As these measures didn’t affect the fundamental situation of who controlled the wealth of the country it’s no surprise that the ex-colonialists will consider this period to be the time of the ‘good’ Mugabe. Revolutionaries – although accepting that Mugabe only did this as he wanted to stand true to an agreement he had made in good faith – will consider this period as a time when the revolution lost momentum.

The British establishment didn’t like Mugabe preferring Joshua Nkomo, who they correctly thought they could use as their puppet and surrogate representative of colonial interests. Over the years many politicians around at the time of the agreement openly stated this. Neither did the British government, whether Conservative throughout the 80s or Labour when they came to power in the 90s, provided the monies and the expertise that was promised in order to transfer a great deal of the agricultural wealth of the country to the black majority. .

If I have any criticism of Mugabe at this time it was that he was too honourable and kept to an agreement which was being ignored by the other signatory.

Droughts caused local problems during the 80s and when the protection to white representation and the restriction on the takeover of white farms was effectively lifted Zimbabwe was hit by another blow in the way the country was denied credit and loans from the World Bank and the International Monetary Fund – unless Zimbabweans agreed to the privatisation of the principal wealth generating industries (which included the very lucrative mining industries) in the country. A combination of these varied pressures made things difficult for Mugabe as leader of the government and this allowed for the promotion of a so-called alternative in the jumped up trade union leader Morgan Tsvangirai.

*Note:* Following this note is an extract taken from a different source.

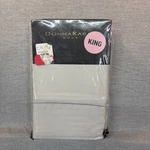 Donna Karan Silk Indulgence King Flat Sheet Platinum. Fixed Price $48.00.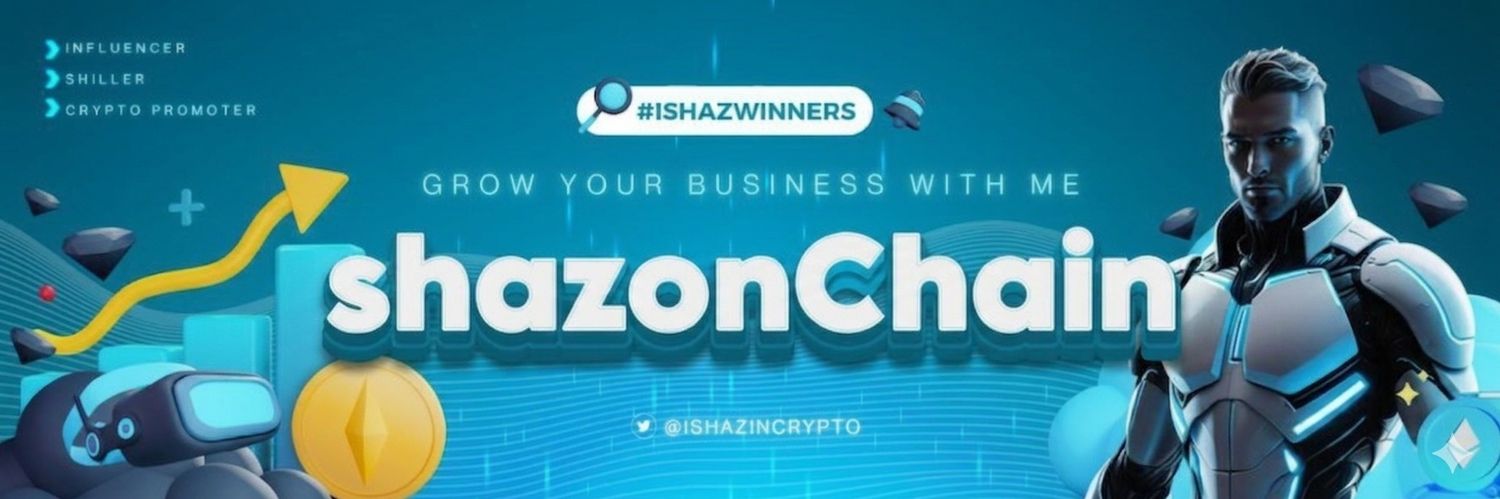 ShazOnChain's profile banner image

His arrest and removal in 2017 was the result of frustration in the country that was unable to thrive under enforced international isolation. He became, in effect, a scapegoat for the problems that were not of his making.

The way in which the ex-colonialists supported this pretence of a leaders demonstrates the fact that should never be forgotten – the colonialists will NEVER give up and they will continue for decades if need be to re-establish their influence in those countries they have lost to independence struggles by the African majority. The bloodstained hands of the British, French and Portuguese can be seen in South Africa, Rwanda and Angola.

Mugabe also never gave up on the idea that armed struggle was the only way that colonised and oppressed peoples can ever gain their freedom and independence. This was something else for which the capitalist and imperialist could never forgive. Even though the wars they have instigated in the past, and will promote in the future, have cost the lives of millions and the suffering of many millions more with their highly sophisticated weaponry they cannot accept the taking up of the AK47 by the exploited and oppressed of the world. They will even go so far as to destroy the world if need be to achieve their goals.

Imperialism would rather those calling for reconciliation and a forgetting of the past – such as Nelson Mandela – be the role model for any future wars of independence. The economic situation in Zimbabwe is a result of the isolation and pressures placed upon the country by international capital but it would take a true optimist indeed, if not a blind fool, to argue that the situation in South Africa for the majority of the African population has improved substantially since the end of Apartheid. And South Africa is very much still in the clutches of the imperialists.

If Mugabe’s reputation and past will be trashed by those looking back to a time when the predominantly white countries of the world could rule wherever they wished with impunity his legacy will be treasured by those who fight for a better future for the oppressed and exploited of the world. It must be remembered that whilst the white cretinous leaders were fooling around and taking ‘selfies’ at Mandela’s memorial gathering it was Robert Mugabe who received the warmest welcome by the African crown.

Yes, Robert Mugabe made mistakes. Only those who don’t try something new will never make mistakes. Even the true giants of world Communism, Joseph Vissarionovich Stalin and Chairman Mao Tse-tung, made mistakes. Those mistakes don’t detract from their achievements and neither will those of Robert Mugabe detract from his.